(Extracted records)
----

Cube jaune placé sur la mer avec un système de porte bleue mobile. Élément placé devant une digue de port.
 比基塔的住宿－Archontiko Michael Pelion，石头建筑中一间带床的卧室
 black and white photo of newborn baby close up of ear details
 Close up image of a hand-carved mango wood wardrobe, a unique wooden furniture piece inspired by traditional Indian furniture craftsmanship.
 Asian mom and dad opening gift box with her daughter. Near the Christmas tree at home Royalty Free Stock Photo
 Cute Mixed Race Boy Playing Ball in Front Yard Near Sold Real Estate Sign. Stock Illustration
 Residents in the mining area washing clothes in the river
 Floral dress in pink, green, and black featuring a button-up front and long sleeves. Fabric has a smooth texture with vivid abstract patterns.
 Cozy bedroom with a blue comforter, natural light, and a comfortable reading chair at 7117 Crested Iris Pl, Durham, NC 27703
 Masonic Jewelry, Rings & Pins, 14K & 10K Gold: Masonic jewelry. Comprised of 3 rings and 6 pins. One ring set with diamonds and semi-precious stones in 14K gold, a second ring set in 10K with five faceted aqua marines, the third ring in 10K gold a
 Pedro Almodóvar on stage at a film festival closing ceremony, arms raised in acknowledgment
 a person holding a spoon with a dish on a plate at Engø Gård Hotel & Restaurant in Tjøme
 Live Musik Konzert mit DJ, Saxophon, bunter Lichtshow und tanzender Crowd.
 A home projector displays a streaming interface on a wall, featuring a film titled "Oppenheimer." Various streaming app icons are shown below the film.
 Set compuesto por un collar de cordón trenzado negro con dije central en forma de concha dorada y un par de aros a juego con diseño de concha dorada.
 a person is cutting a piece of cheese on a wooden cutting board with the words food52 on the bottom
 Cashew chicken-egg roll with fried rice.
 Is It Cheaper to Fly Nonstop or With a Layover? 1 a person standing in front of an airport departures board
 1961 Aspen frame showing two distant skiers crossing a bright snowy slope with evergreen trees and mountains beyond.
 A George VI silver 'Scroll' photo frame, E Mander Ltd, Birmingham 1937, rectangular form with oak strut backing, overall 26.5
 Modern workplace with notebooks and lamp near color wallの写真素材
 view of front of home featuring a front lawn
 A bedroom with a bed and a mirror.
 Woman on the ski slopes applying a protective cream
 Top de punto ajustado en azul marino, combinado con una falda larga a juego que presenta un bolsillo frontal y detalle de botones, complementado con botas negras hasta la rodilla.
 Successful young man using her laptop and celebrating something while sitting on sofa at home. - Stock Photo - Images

----

What the task requires: Exactly as they appear above, copy out all the records.

Solution for this exercise:
Cube jaune placé sur la mer avec un système de porte bleue mobile. Élément placé devant une digue de port.
 比基塔的住宿－Archontiko Michael Pelion，石头建筑中一间带床的卧室
 black and white photo of newborn baby close up of ear details
 Close up image of a hand-carved mango wood wardrobe, a unique wooden furniture piece inspired by traditional Indian furniture craftsmanship.
 Asian mom and dad opening gift box with her daughter. Near the Christmas tree at home Royalty Free Stock Photo
 Cute Mixed Race Boy Playing Ball in Front Yard Near Sold Real Estate Sign. Stock Illustration
 Residents in the mining area washing clothes in the river
 Floral dress in pink, green, and black featuring a button-up front and long sleeves. Fabric has a smooth texture with vivid abstract patterns.
 Cozy bedroom with a blue comforter, natural light, and a comfortable reading chair at 7117 Crested Iris Pl, Durham, NC 27703
 Masonic Jewelry, Rings & Pins, 14K & 10K Gold: Masonic jewelry. Comprised of 3 rings and 6 pins. One ring set with diamonds and semi-precious stones in 14K gold, a second ring set in 10K with five faceted aqua marines, the third ring in 10K gold a
 Pedro Almodóvar on stage at a film festival closing ceremony, arms raised in acknowledgment
 a person holding a spoon with a dish on a plate at Engø Gård Hotel & Restaurant in Tjøme
 Live Musik Konzert mit DJ, Saxophon, bunter Lichtshow und tanzender Crowd.
 A home projector displays a streaming interface on a wall, featuring a film titled "Oppenheimer." Various streaming app icons are shown below the film.
 Set compuesto por un collar de cordón trenzado negro con dije central en forma de concha dorada y un par de aros a juego con diseño de concha dorada.
 a person is cutting a piece of cheese on a wooden cutting board with the words food52 on the bottom
 Cashew chicken-egg roll with fried rice.
 Is It Cheaper to Fly Nonstop or With a Layover? 1 a person standing in front of an airport departures board
 1961 Aspen frame showing two distant skiers crossing a bright snowy slope with evergreen trees and mountains beyond.
 A George VI silver 'Scroll' photo frame, E Mander Ltd, Birmingham 1937, rectangular form with oak strut backing, overall 26.5
 Modern workplace with notebooks and lamp near color wallの写真素材
 view of front of home featuring a front lawn
 A bedroom with a bed and a mirror.
 Woman on the ski slopes applying a protective cream
 Top de punto ajustado en azul marino, combinado con una falda larga a juego que presenta un bolsillo frontal y detalle de botones, complementado con botas negras hasta la rodilla.
 Successful young man using her laptop and celebrating something while sitting on sofa at home. - Stock Photo - Images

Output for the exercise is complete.